Looking for a good explanation (or proof?) about the Monty Hall problem

Question

The Monty Hall problem (https://en.wikipedia.org/wiki/Monty_Hall_problem) is about a game show in which the player is given the choice of three doors. There's a car behind one of the doors and a goat behind the others. The players is asked to pick a door, and he picks door number 1 which remains closed for now. The host, who knows where the car is, then opens door number 3, which has a goat, and then asks the player if he wishes to stay on door 1 or change to door 2.

Now, since the host knows where the car is - then the odds for door number 2 are obviously higher, and the player should switch from door 1 to door 2 (.. because it has 2/3 chance to have the car).

My question is: If the host doesn't know where the car is, and he randomly picks door 3 - are the odds the same as in the above scenario (i.e. door 2 has 2/3 chance to be the one with the car), or is it a different case in which doors 1 and 2 have 50% chance each?

Thanks! Dan

Answer 1

Your intuition is correct: It becomes a toss-up whether you stay or switch.

We make the following assumptions:

• The three doors conceal (in some order) two goats and a car.
• All three positions for the car are equally likely.
• You choose one of the three doors.
• Monty opens one of the remaining two doors, irrespective of where the car is.

Assume, without loss of generality, that you choose door $1$ and Monty opens door $2$ to reveal a goat. Before he did so, there were three equally likely positions for the car. Afterwards, he has eliminated one of the options, but because he effectively does not know where the car is, he has given you no additional information with respect to doors $1$ and $3$. Therefore, they remain equally likely as they did before.

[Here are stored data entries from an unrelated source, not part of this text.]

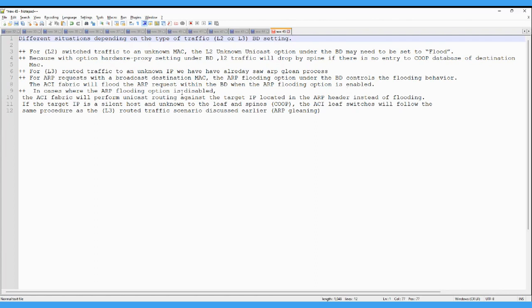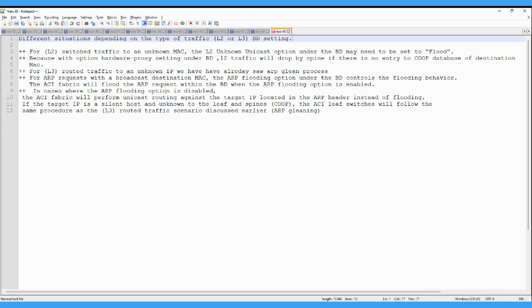If this option is disabled, then in that case, ACI will perform the unicast routing as you see in the L3 routed case. So it will inspect the ARP header. The ACI fabric will perform the unicast routing against the target IP in the ARP header instead of flooding, as this ARP flooding option is disabled.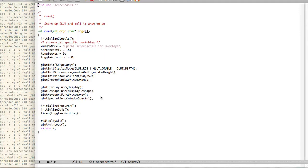Hello everyone and welcome to another OpenGL screencast. Today we will be talking a little bit about overlays.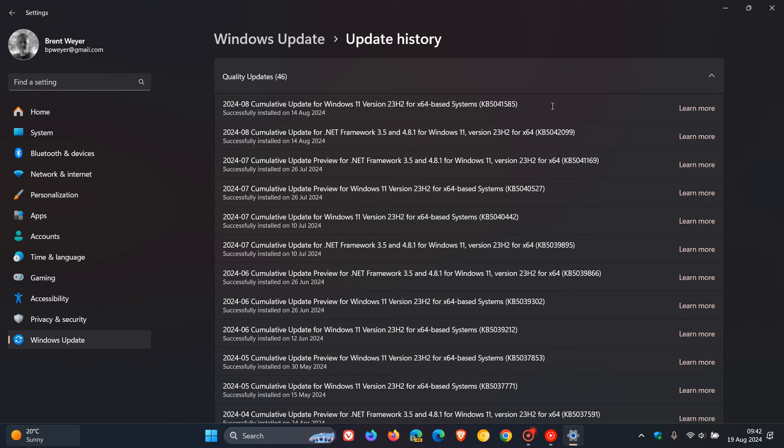Now over on Reddit there is a thread with numerous comments that it's causing problems, and some of the main problems mentioned are that the system is slow and laggy after the update has been applied.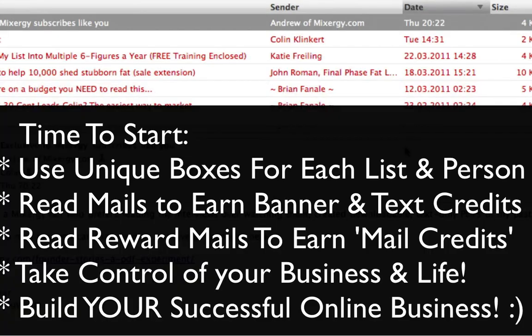Thank you very much for your time in watching this video. Now you can go and start using boxes to join people's mailing lists and join websites, approve the boxes you want, see who's selling email addresses, and block the accounts you don't want. Thank you and enjoy, bye bye.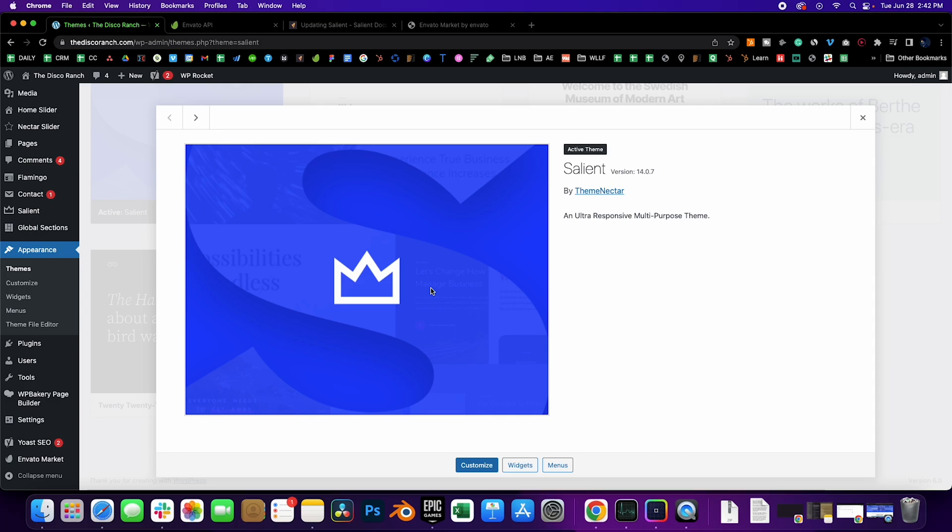And voila! You have a one-click solution to aid you in your WordPress updating adventures. Can you imagine all the time you'll save with this instead of deleting and re-uploading the theme? Holy cow.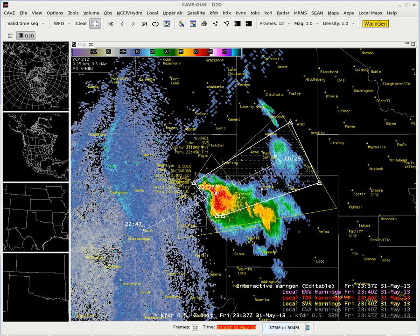In this video we're going to do a severe weather statement to follow up our severe thunderstorm warning from the previous exercise.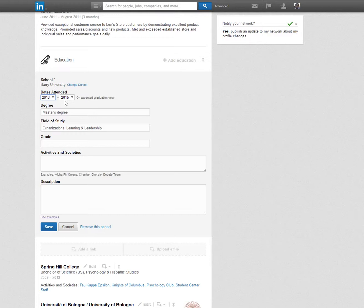For degree, type in the level of education that you are currently enrolled in or have obtained and provide your field of study in its respective slot. For the Grade section, type in your GPA.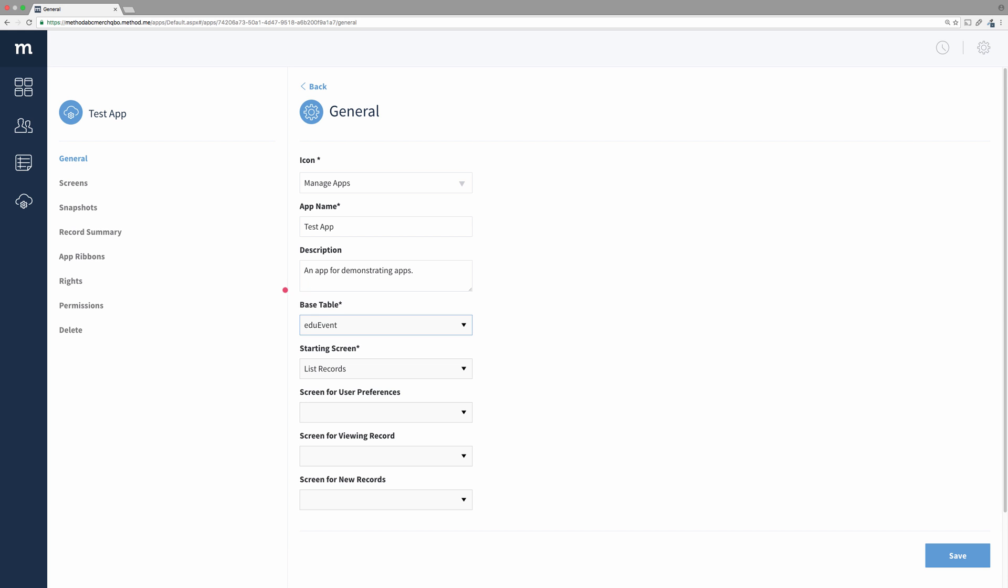Not at all. But a base table is needed when configuring the record summary and the app ribbons for your app. We haven't covered those yet, but we will get to them.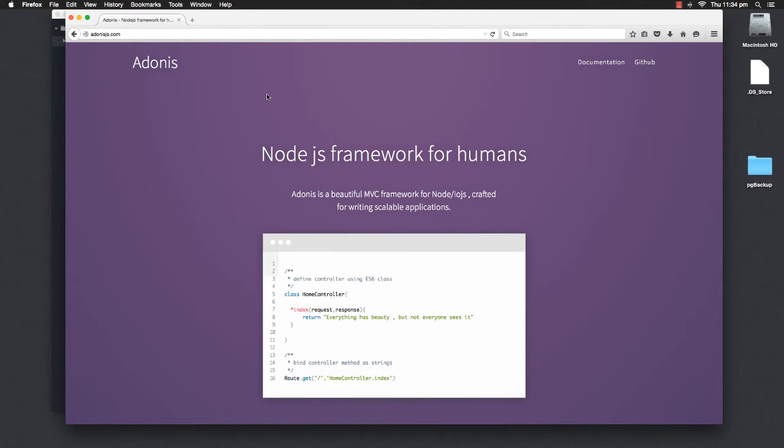Welcome back everyone, I'm Aman Virk and in this screencast we will learn more about Adonis framework.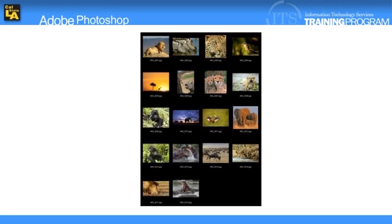Users can create a PDF version of a contact sheet directly from Bridge CS4, which is Photoshop's file browser.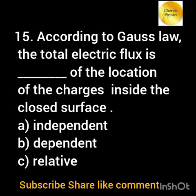According to Gauss's law, the total electric flux is dash of the location of the charges inside the closed surface: option a) independent; option b) independent; option c) relative.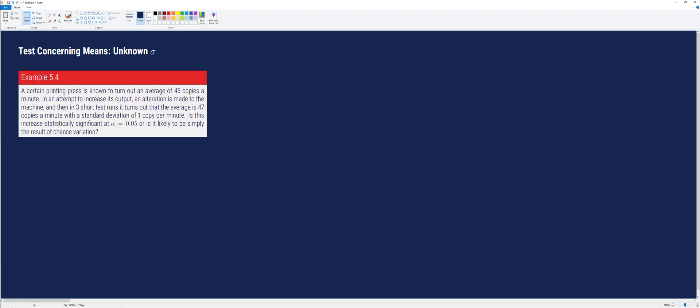In this video, we will discuss how to perform tests concerning means if the population standard deviation is unknown. From our previous lectures, if the population standard deviation is unknown and we want to estimate the population mean, we have two options: use the standard normal table if the sample size is greater than 30 or the random variable is assumed to be normal, or use the t-distribution if the sample size is 30 or below. Similarly, we may use that rule when performing tests concerning means wherein the population standard deviation is unknown.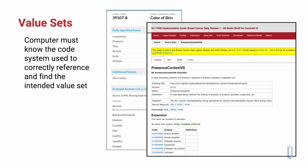Here's another example where the value set is a way to specify the certainty about an observation or condition, ranging from known and proven to suspected. The example here is breast cancer.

If we like, we can bring the machinery of Bayes's Law to bear. Again, assume you open door $1$. Then let $C_k$ ($k = 1, 2, 3$) be the event that the car is behind door $k$, and let $D_k$ ($k = 1, 2, 3$) be the event that Monty opens door $k$. Then the probability that the car is behind door $1$, given that Monty opened door $2$ and the car wasn't behind door $2$, is

\begin{align} P(C_1 \mid D_2, \neg C_2) & = \frac{P(D_2 \mid C_1, \neg C_2)P(C_1 \mid \neg C_2)} {P(D_2 \mid \neg C_2)} \\ & = P(C_1 \mid \neg C_2) \\ & = \frac12 \end{align}

where the middle equality obtains because we assume that $D_2$ is independent of the location of the car. The difference between this situation and the usual interpretation is that in the latter case, we assume that Monty never opens the door where the car is. So that middle equality doesn't obtain.